A Tunisian boat carrying around 40 African migrants has been stranded off the country's coast without aid for more than a week after authorities refused to let them disembark there, the Red Crescent said on Monday.

Monji Slim, an official of the Tunisian Red Crescent, said the authorities had argued that Malta or Italy should accept the migrants. The Tunisian interior ministry declined to comment.

Slim told Reuters the boat was stuck 12 miles off the coast. "The African migrants at sea are in a bad condition after the vessel's captain refused to receive aid to pressure the Tunisian authorities to receive them, but no solution has been reached after 11 days at sea."

Last week, NGO WatchTheMed, which runs migrant sea rescue hotline Alarm Phone, indirectly accused Malta of breaking international law when it escorted the vessel into Tunisian waters. 

The government vehemently denied that allegation, saying that it had directed the vessel to the closest safe port, as it was obliged to do by law. 

It was not clear from where the migrants had originally set off before they were rescued by the Tunisian vessel.
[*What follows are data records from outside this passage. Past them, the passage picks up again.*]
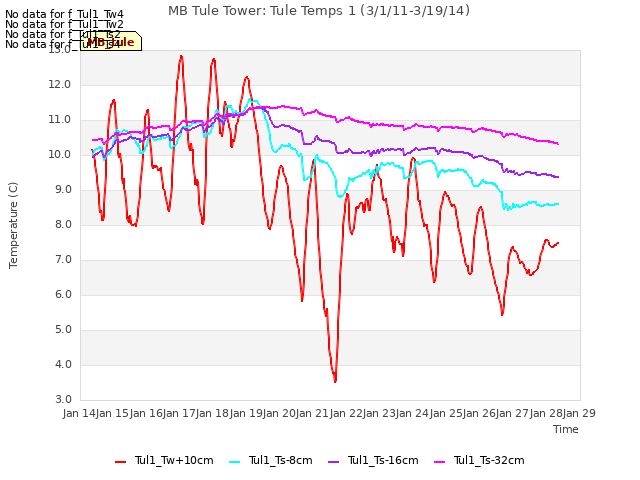 plot of MB Tule Tower: Tule Temps 1 (3/1/11-3/19/14)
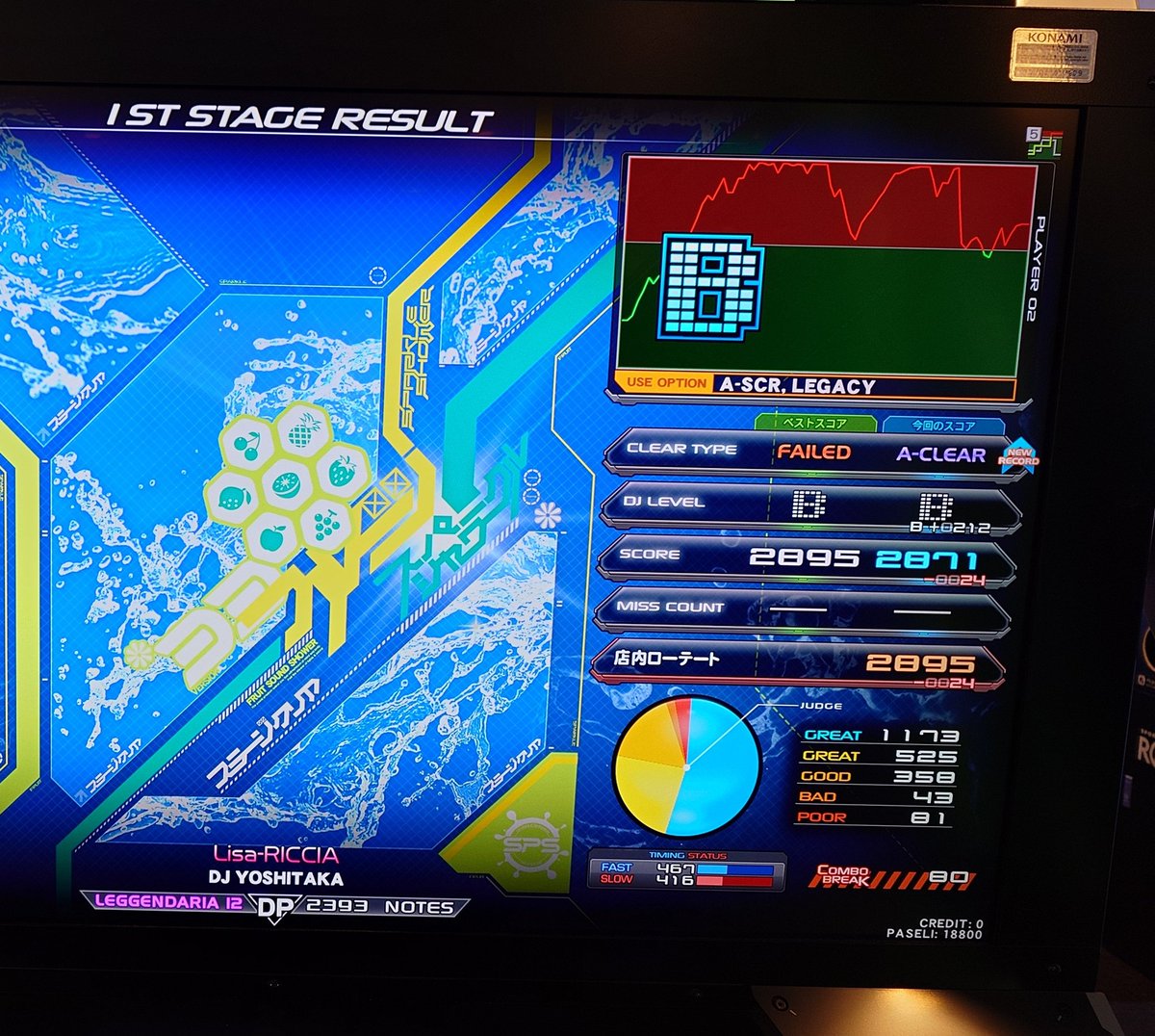 mnemoniq376's tweet image. Ξ＋Ξ_DPL☆12，CLEAR -/- 初見対応
華鳥風雪_DPL☆12，HARDCLEAR -/-
LISA-RICCIA_DPL☆12，ASSISTEASY As -/- フルアシスト
BITTER CHOCOLATE STRIKER_DPL☆12，EASYCLEAR -/- 初見対応

いかつい譜面たちでした⋯　#IIDX #DP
The new Italian government has closed its ports to charity ships operating in the Mediterranean, saying the European Union must share the burden of accepting the hundreds of migrants who are plucked from waters each month, mostly off the Libyan coast.

Rome called this month for migrant centres to be set up in Africa to stop a tide of asylum-seekers fleeing toward western Europe. Tunisia has rejected this proposal.

At least 80 migrants died when their boat sank off the Tunisian coast last month, one of the worst migrant boat accidents in the North African country of recent years.

Human traffickers are increasingly using Tunisia as a launch pad for migrants heading to Europe as the Libyan coast guard, aided by armed groups, has tightened controls.